The Significance of the USTC Token Burn

The decision to burn a substantial quantity of USTC tokens via a contract migration mechanism is poised to have far-reaching implications for the Terra Classic network. Token burns are often implemented as a deflationary measure to reduce supply and potentially increase the value of the remaining tokens. This move is particularly significant in the context of Terra Classic’s efforts to regain trust and stability following the infamous collapse of its sister stablecoin, UST, in May 2022.

A Glance at Terra Classic’s Journey

The Terra ecosystem experienced a dramatic upheaval with the depegging of its algorithmic stablecoin, which led to a catastrophic loss of value. In the aftermath, the community has been actively working to restore credibility to the network. Measures such as this token burn are part of a broader strategy to reform the Terra Classic blockchain and salvage its cryptocurrency.
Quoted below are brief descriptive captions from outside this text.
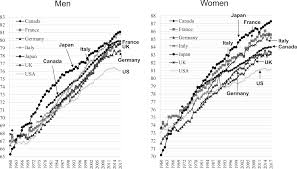 Concerning their names, some females have names of latin, french, english, or greek origin. Why Has Japan Become The World S Most Long Lived Country Insights From A Food And Nutrition Perspective European Journal Of Clinical Nutrition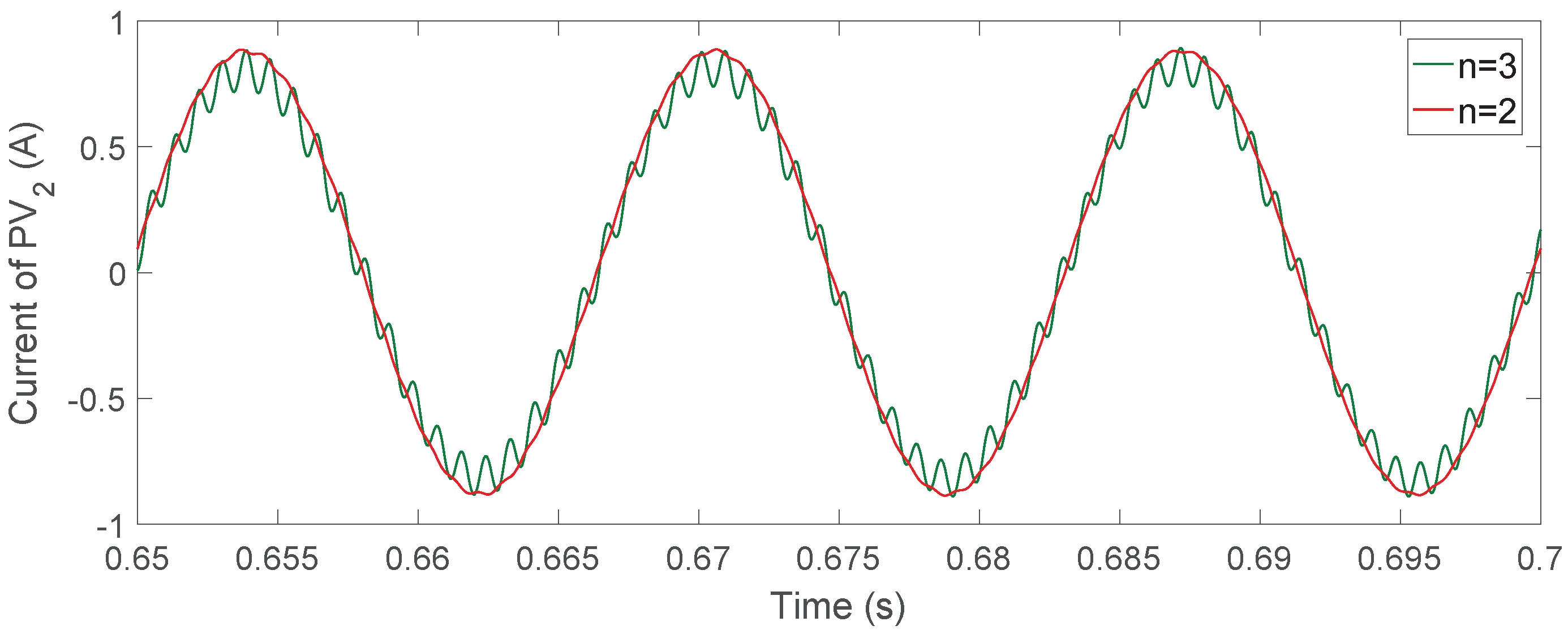 Energies 11 00296 g010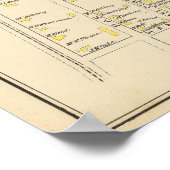 Pt of Dover Poster (Ecke)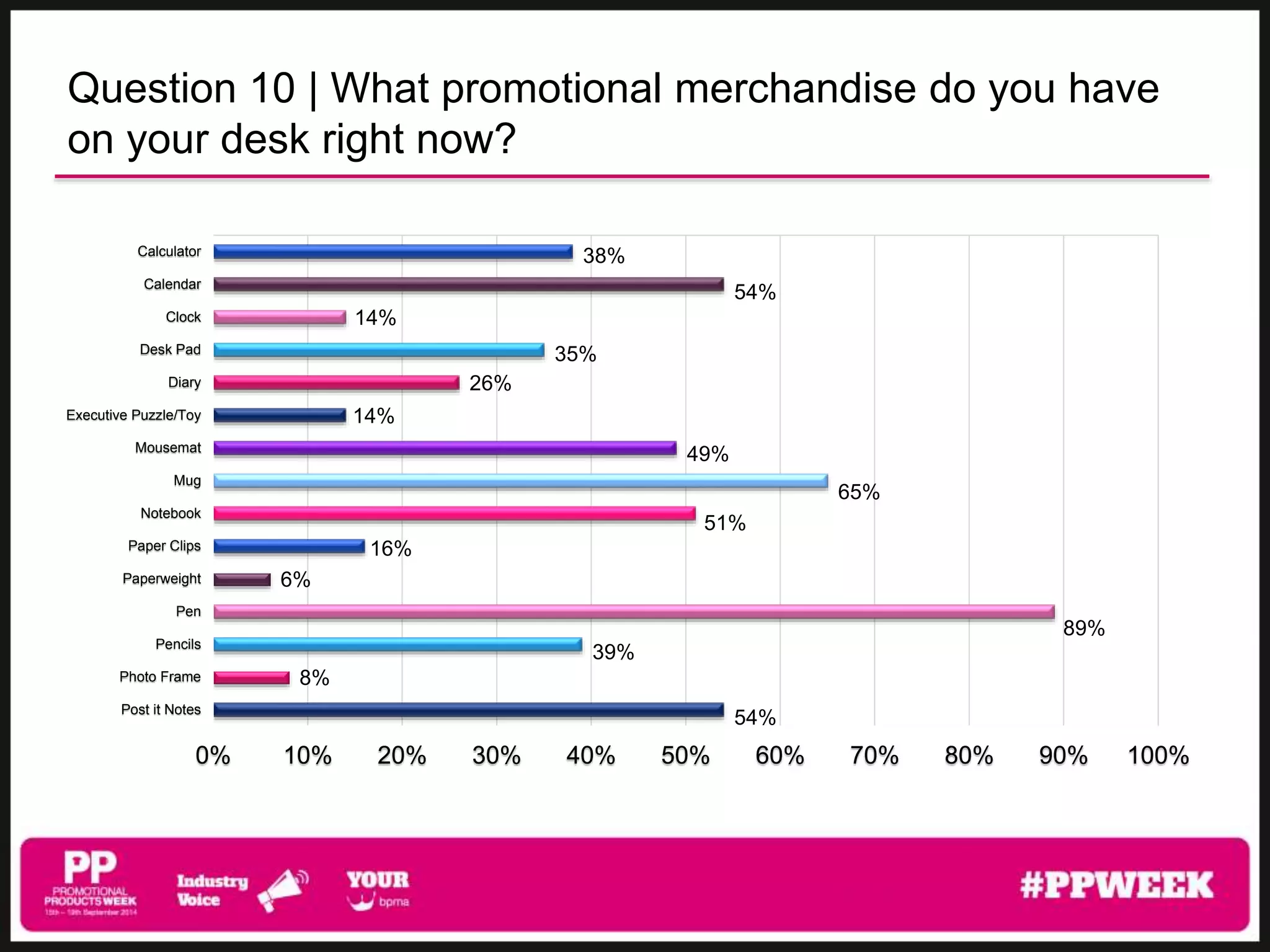 Question 10 | What promotional merchandise do you have 
on your desk right now? 
54% 
8% 
39% 
89% 
6% 
16% 
51% 
65% 
49% 
14% 
26% 
35% 
14% 
54% 
38% 
Calculator 
Calendar 
Clock 
Desk Pad 
Diary 
Executive Puzzle/Toy 
Mousemat 
Mug 
Notebook 
Paper Clips 
Paperweight 
Pen 
Pencils 
Photo Frame 
Post it Notes 
0% 10% 20% 30% 40% 50% 60% 70% 80% 90% 100% 
 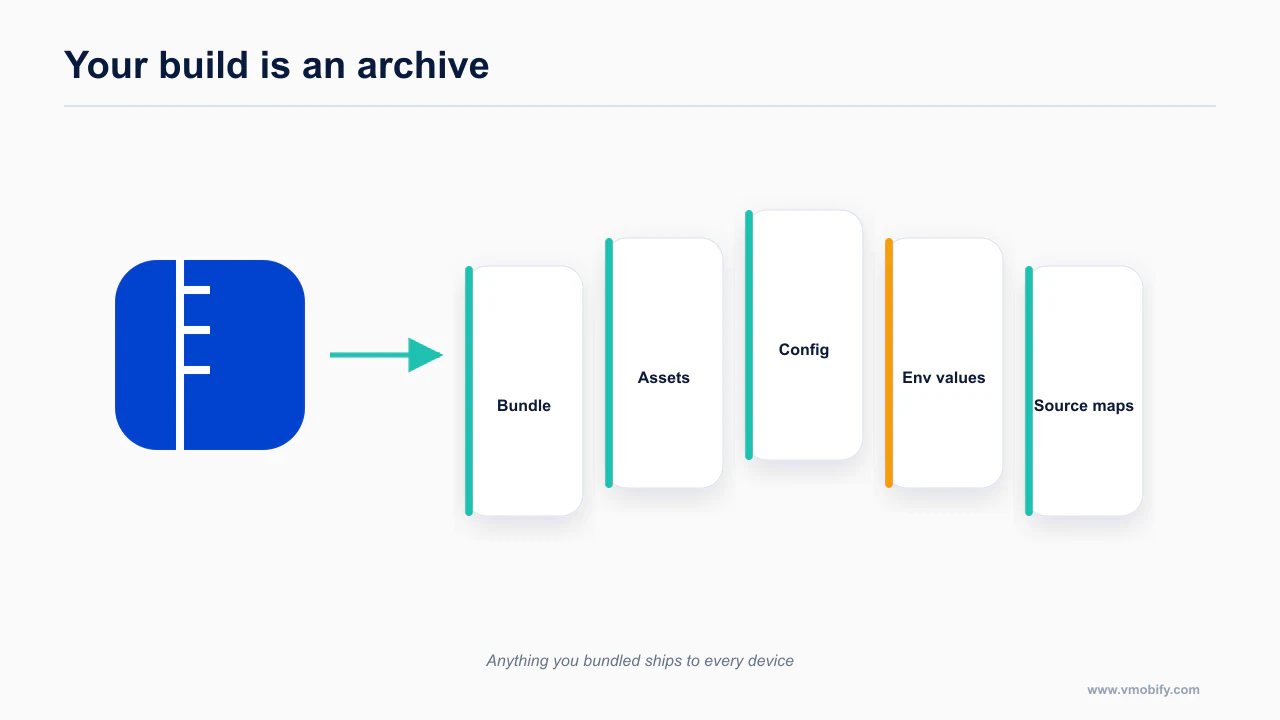 An app bundle extracted into its contents with bundled configuration marked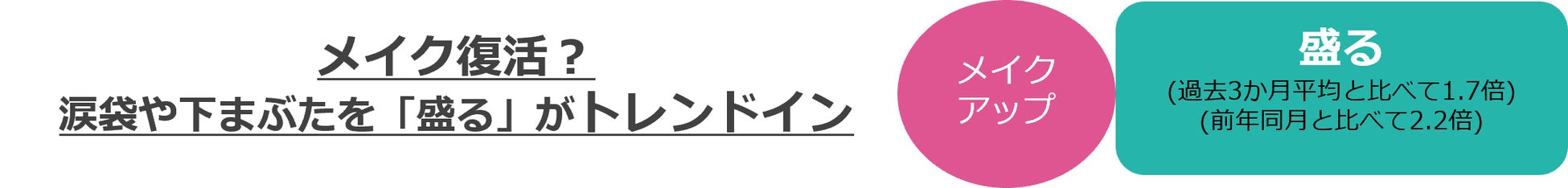 @cosmeに投稿されたクチコミから、今後のトレンドの兆しを発掘するニュースレター「@cosmeのトレンドの芽」～No.23 2023年2月版～のサブ画像11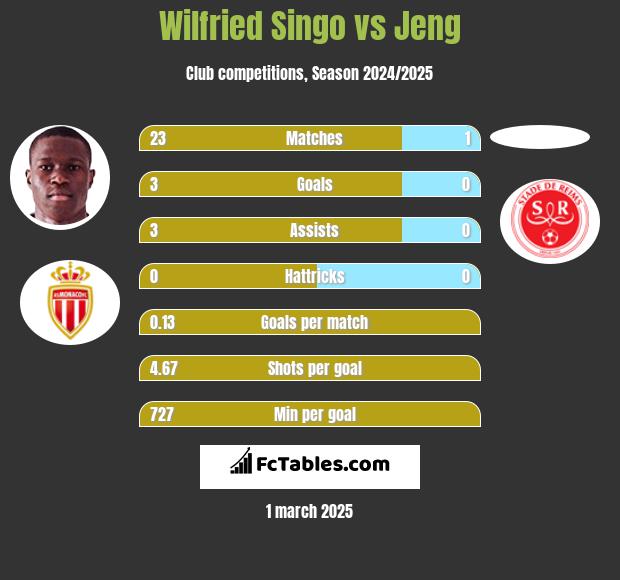 Wilfried Singo vs Jeng h2h player stats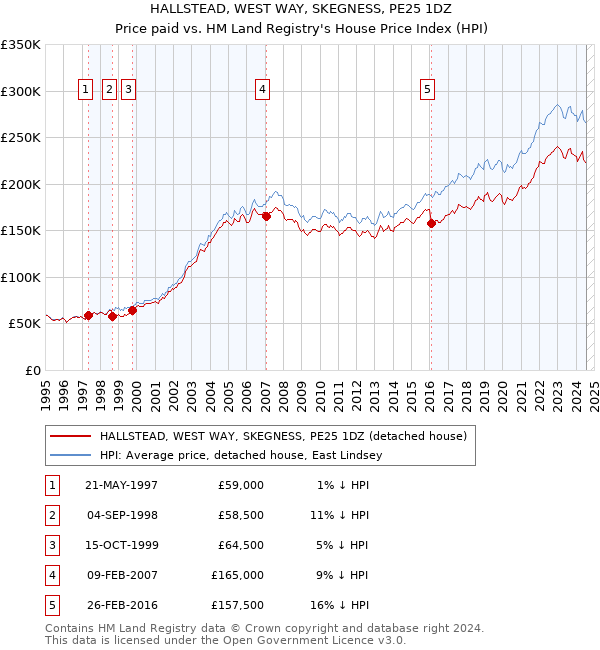 HALLSTEAD, WEST WAY, SKEGNESS, PE25 1DZ: Price paid vs HM Land Registry's House Price Index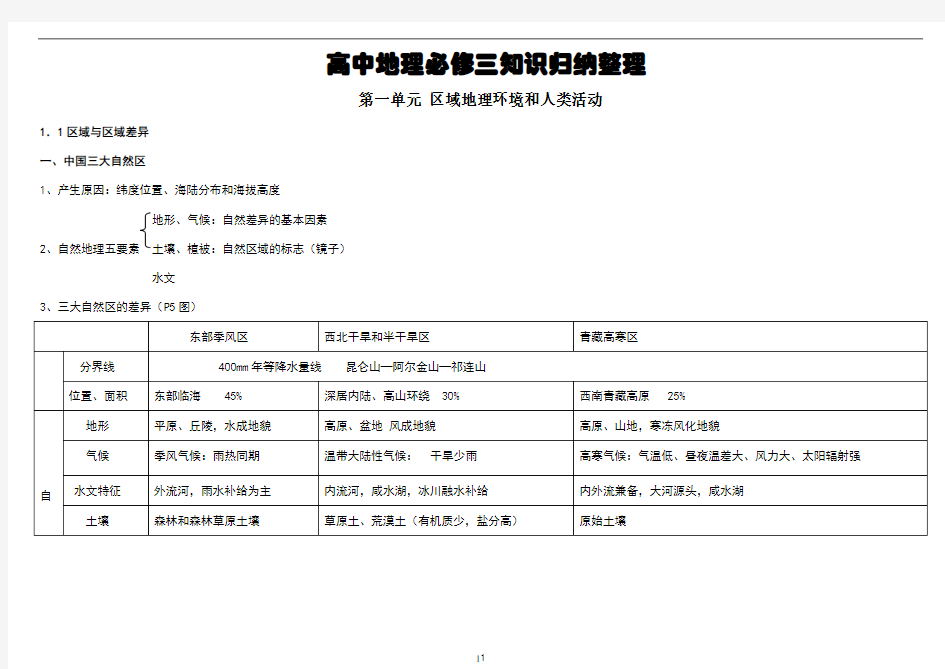 高中地理必修三知识点归纳整理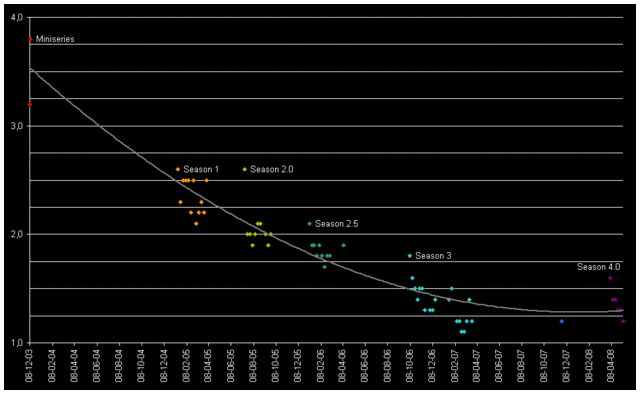 File:Nielsen Ratings Chart.gif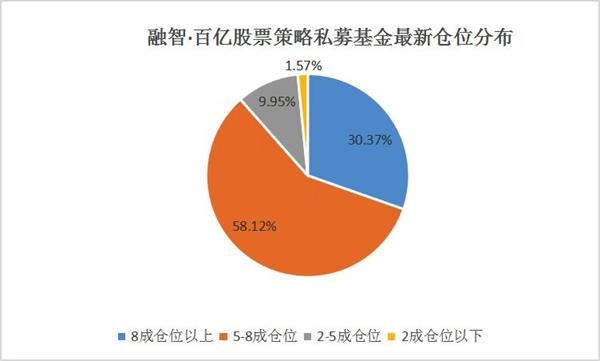 超30%百亿私募以逾八成仓位运作 估值修复行情仍将继续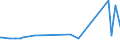 KN 02044230 /Exporte /Einheit = Preise (Euro/Tonne) /Partnerland: Mauritius /Meldeland: Eur27_2020 /02044230: Rippenstücke Und/Oder Keulenenden Oder Halbe Rippenstücke Und/Oder Halbe Keulenenden, von Schafen, Gefroren                          Rippenstücke Und/Oder Keulenenden Oder Halbe Rippenstücke Und/Oder Halbe Keulenenden, von Schafen, Gefroren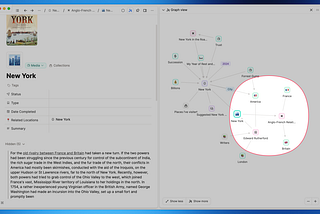 When Graph View Isn’t Enough — Intersections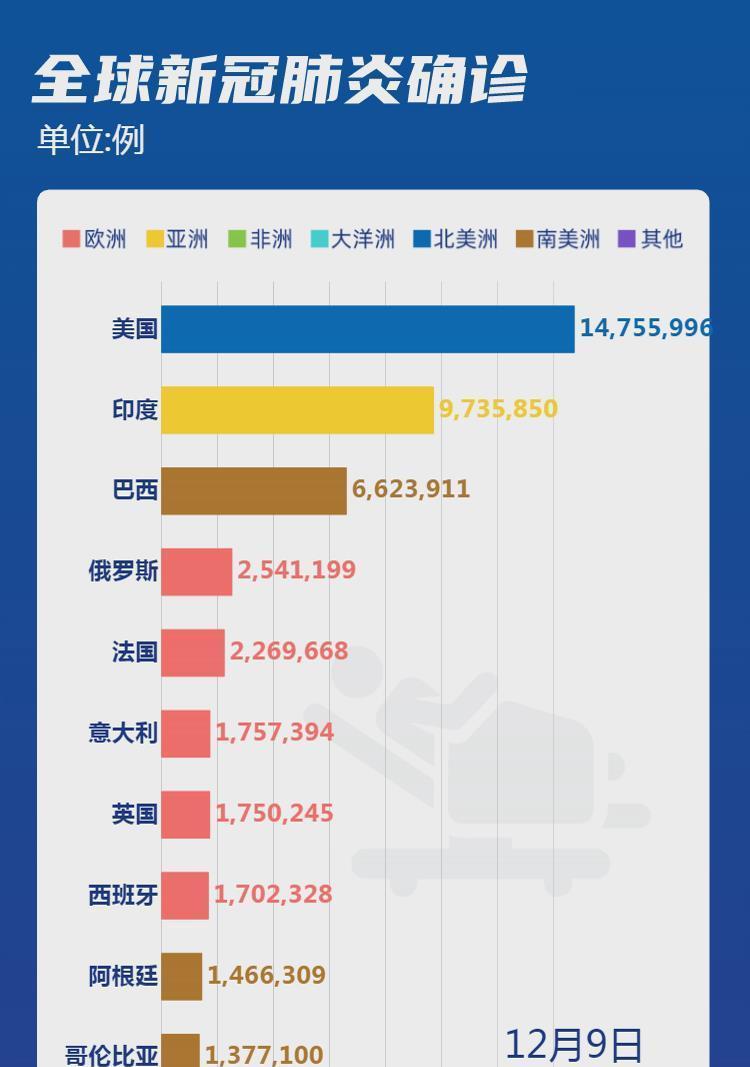 响应式网站与新冠全球响应计划（国内优秀网站推荐）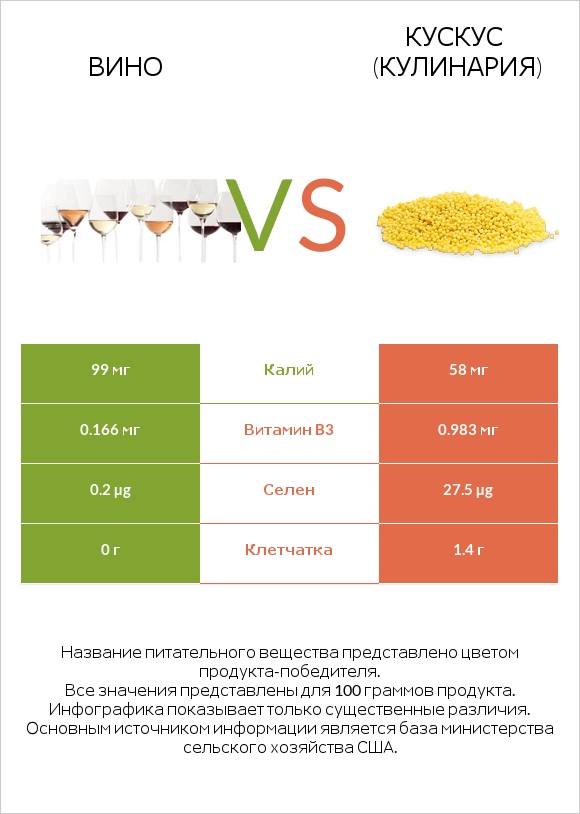 Вино vs Кускус (кулинария) infographic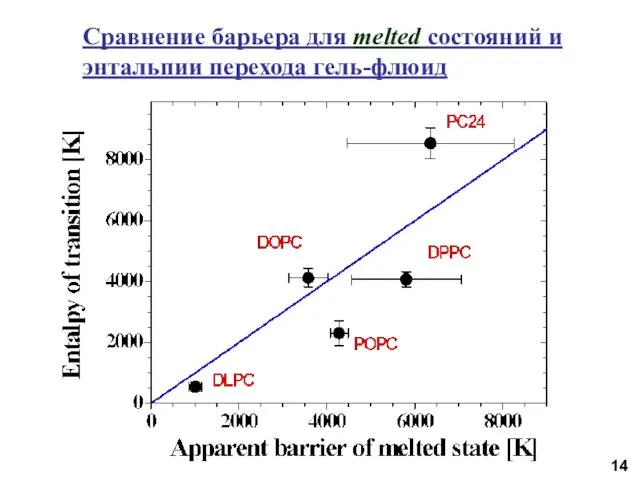 Сравнение барьера для melted состояний и энтальпии перехода гель-флюид 14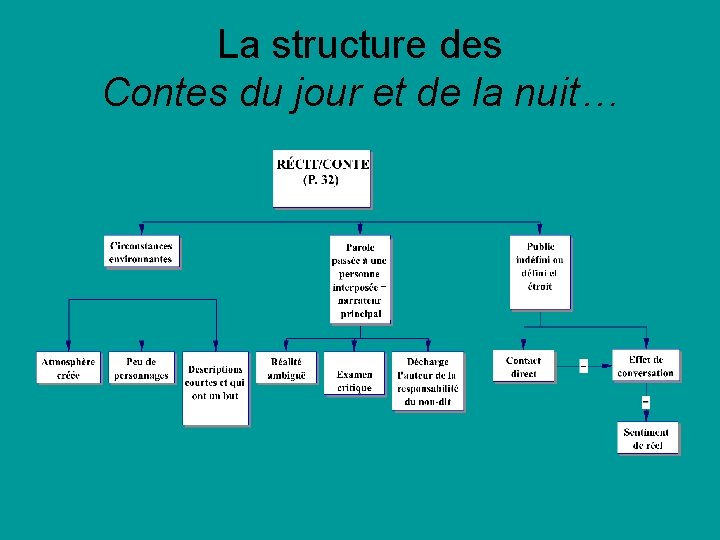 La structure des Contes du jour et de la nuit… 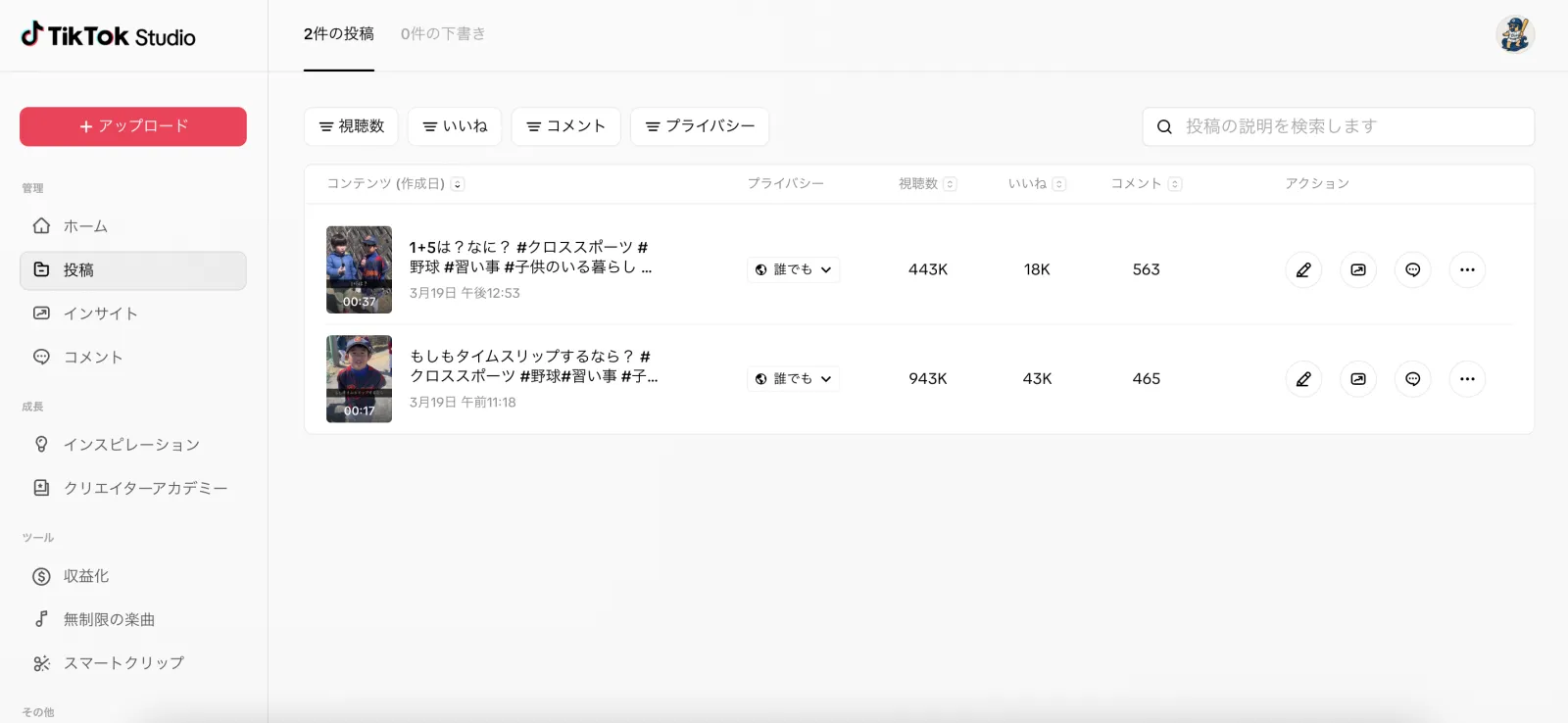 SNS×AI活用の最新トレンドデータ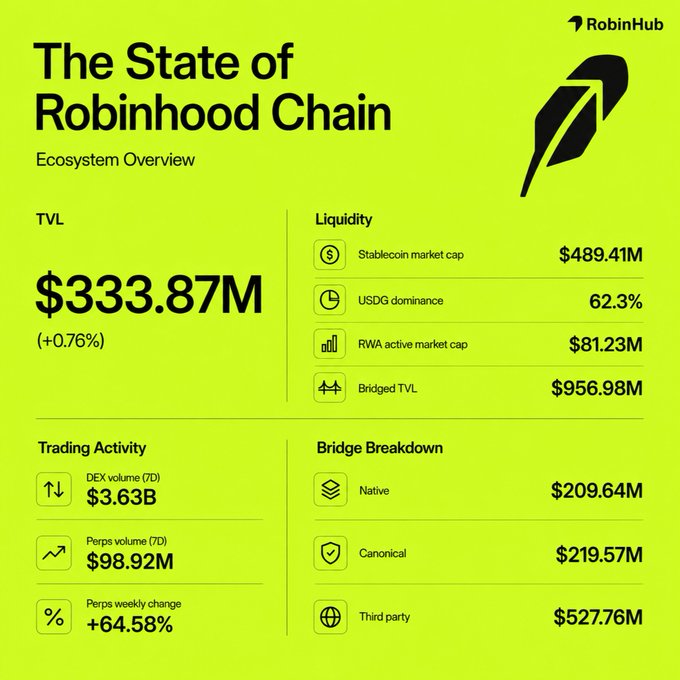 A bright yellow infographic titled 'The State of Robinhood Chain Ecosystem Overview' by RobinHub, displaying stats like TVL ($333.87M), Stablecoin market cap ($489.41M), Bridged TVL ($956.98M), and DEX volume ($3.63B).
A Hopeful Horizon for Terra Classic

The approval of the USTC token burn proposal has been met with optimism within the cryptocurrency community. It signifies the power of community-led initiatives in steering the direction of blockchain projects. Moreover, it underscores the potential for recovery and innovation even after substantial setbacks in the volatile crypto landscape.

Forging Ahead with Caution and Governance

While the burn proposal has been well-received, it also serves as a reminder of the importance of sound governance and risk management in the DeFi sector. The Terra Classic community continues to tread a path of cautious optimism, with eyes set firmly on long-term sustainability and responsible management of their revived ecosystem.

In conclusion, the Terra Classic community’s vote to destroy 800 million USTC tokens is a bold move that demonstrates the power of decentralized decision-making. As the Terra Classic network endeavors to rebuild, this development could mark a turning point in its recovery narrative.